WHAT NEEDS TO BE DONE:
Search the data for the word "album" and copy each line that has it.

^^^^

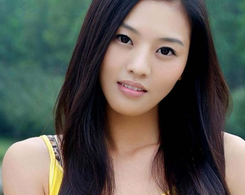 容易流產(chǎn)的原因是什么.png 容易流產(chǎn)的原因是什么.png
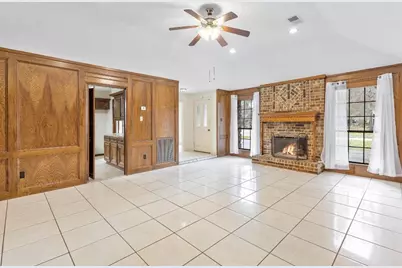 3339 Three Pines Drive, Houston, TX 77339 - Photo 3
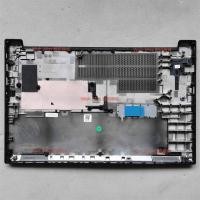 ราคา ยี่ห้อใหม่เหมาะสําหรับ Lenovo ThinkPad E15 Gen 3 D กรณีด้านล่างกรณี Shell สุทธิหัวเข็มขัดสุทธิหมวก (44513512060)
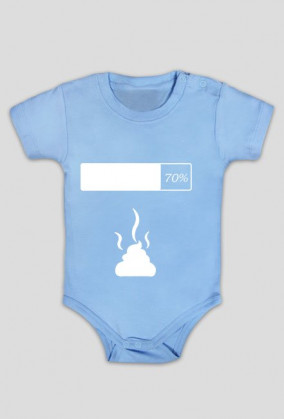 Kupa 70%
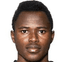 solomon omale - Team Fk Graffin Vlasim 299605 Football Live Score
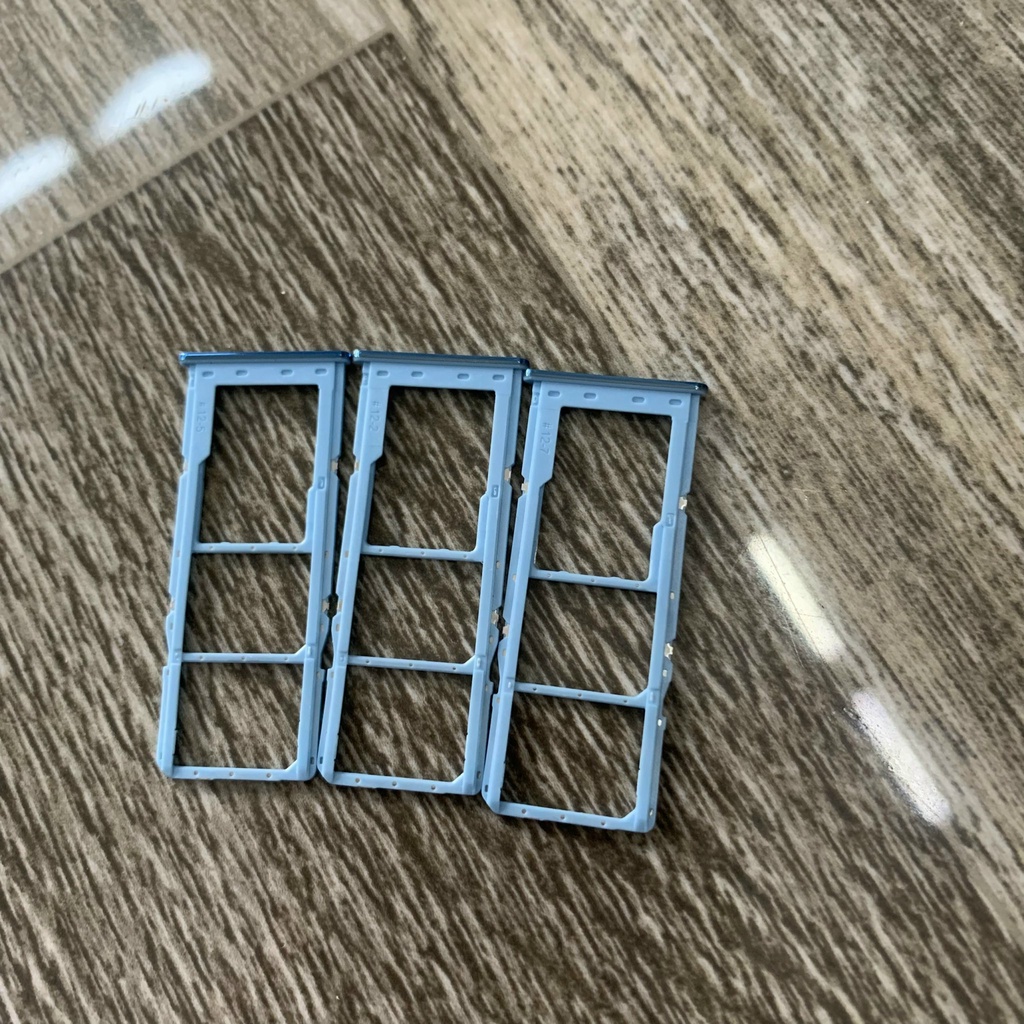 khay sim samsung a32 4g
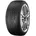 SP-901 205/55 R16 91H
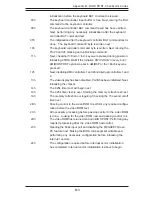 Preview for 95 page of Supermicro 7034A-T User Manual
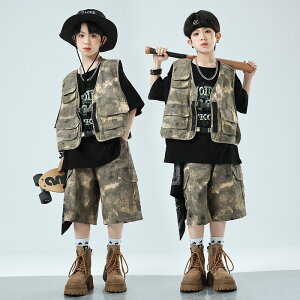 xXg ʕ LbY _Xߑ q qbvzbv gbvX ̎q  ㉺Zbg  Opc jazz ZbgAbv gbvX j̎q WY_X Y{ q HIPHOP LbY_X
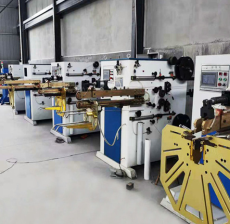 蕉岭县配电柜回收价格一览表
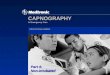 CAPNOGRAPHY In Emergency Care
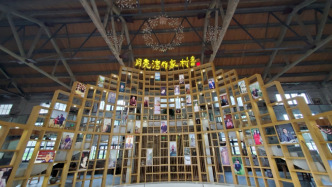 皖西秋色引客来，六安以产业思维重塑全域文旅供给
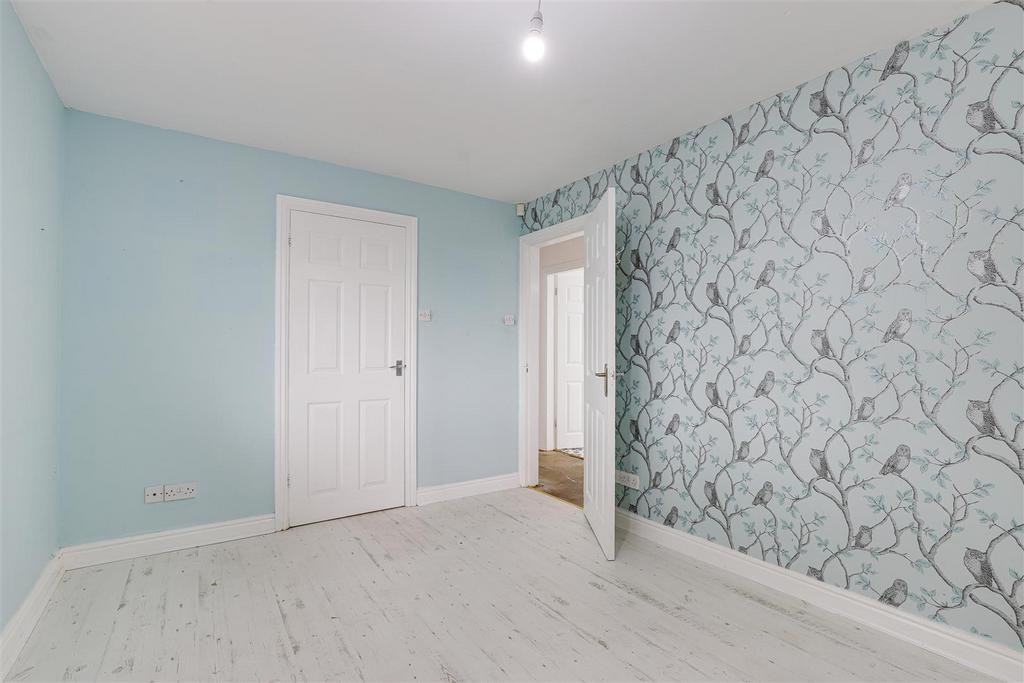 IMG 1763-IMG 1767.jpg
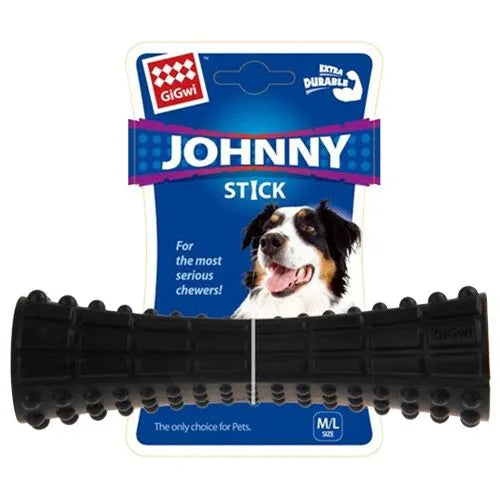 Johnny Stick - Extra Durable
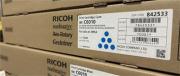 Ricoh Toner Type IM C6010 cyan (842533)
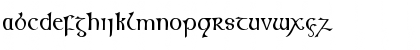 Download Kells Regular Font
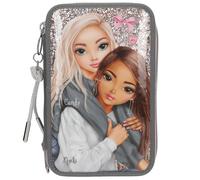 Topmodel - Triple Pencil Case My Bff (413315) Toy NEUF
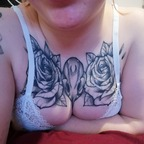 phoebz OnlyFans Leaks 

 profile picture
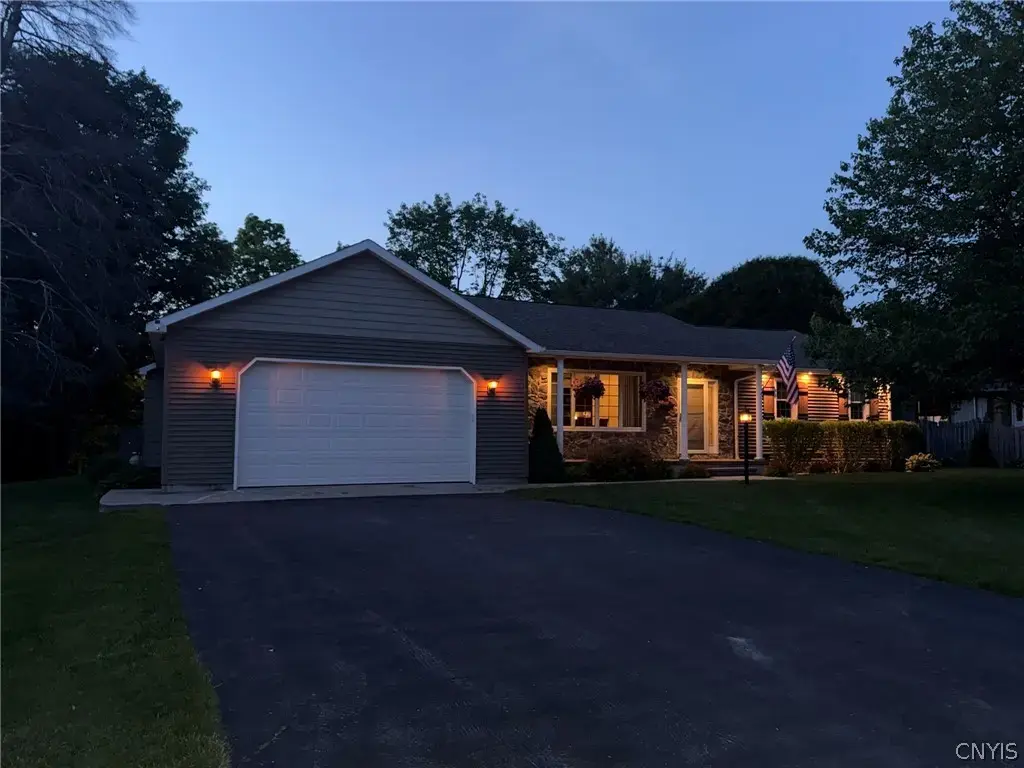 3 Clarence Avenue, Richland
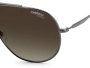 Carrera CARRERA 274/S KJ1 HA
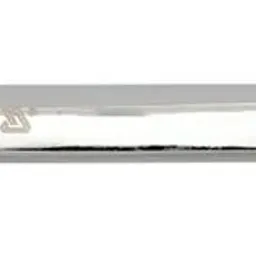 Yato YT-1680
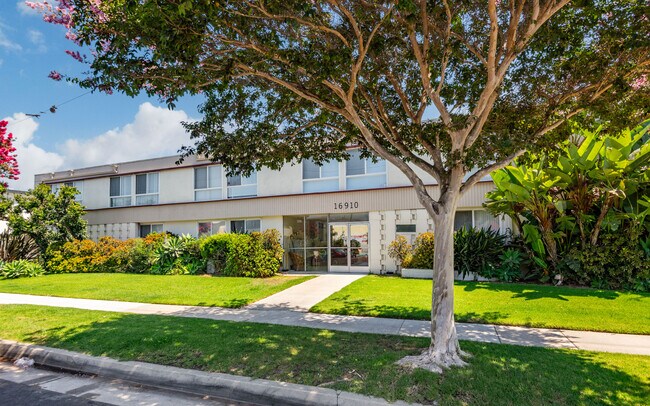 Photo - College Manor Apartamentos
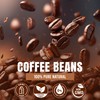 Premium Instant Coffee Packets – Rich & Smooth Coffee Instant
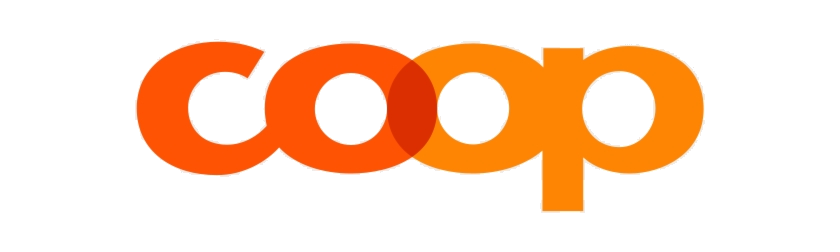 COOP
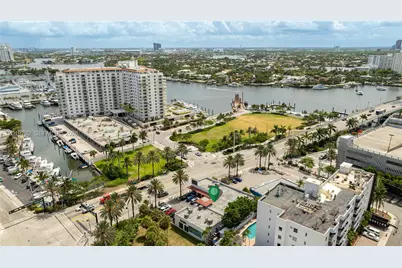 2915 E Las Olas Blvd, Fort Lauderdale, FL 33316 - Photo 65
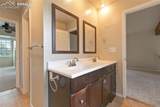 416 Cobblestone Drive - Photo 18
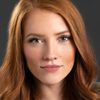 Mikayla Iverson as Whitney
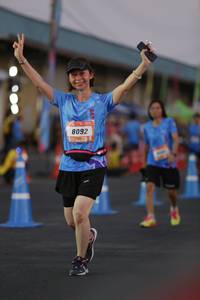 BIB: 8092
                            <button type="button" onclick="openModal(3112341)" class="btn btn-primary btn-sm float-right btn-popup" data-toggle="modal" data-target=".modal-high-quality">
                        <i class="fas fa-shopping-cart"></i> Add to Cart
                    </button>
                                            <button type="button" onclick="isThisMe(3112341, true)" class="btn btn-success btn-sm float-right btn-popup btn-isme hidden" data-toggle="tooltip" data-placement="bottom" title="นี่คือรูปของคุณใช่ไหม คลิกที่นี่เพื่อเอาเข้าอัลบั้ม">
                        <i class="fas fa-plus"></i> Add to album
                    </button>
                    <button type="button" onclick="isThisMe(3112341, false)" class="btn btn-warning btn-sm float-right btn-popup btn-isnotme hidden">
                        <i class="fas fa-ban"></i> Remove from album
                    </button>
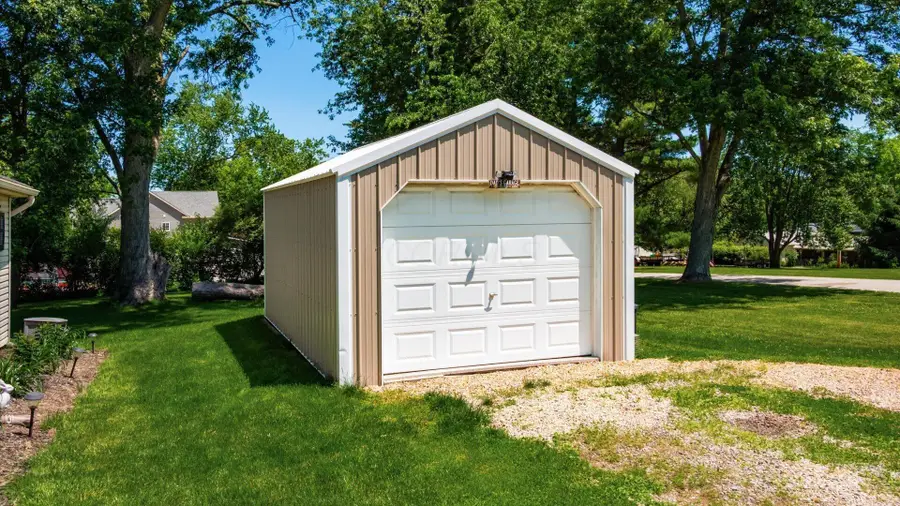 5558 Alder Drive Ne, Thornville, OH 43076 - #2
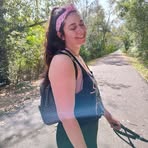 Jodi Pearson - Facebook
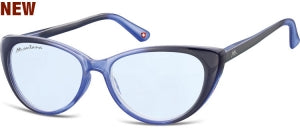 Luxury Sunglasses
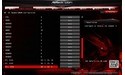 ASRock Fatal1ty H97 Killer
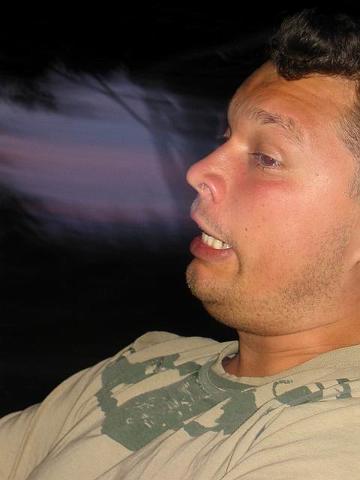 IMG_2537.JPG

^^^^

TASK ANSWER:
                        <i class="fas fa-plus"></i> Add to album
                        <i class="fas fa-ban"></i> Remove from album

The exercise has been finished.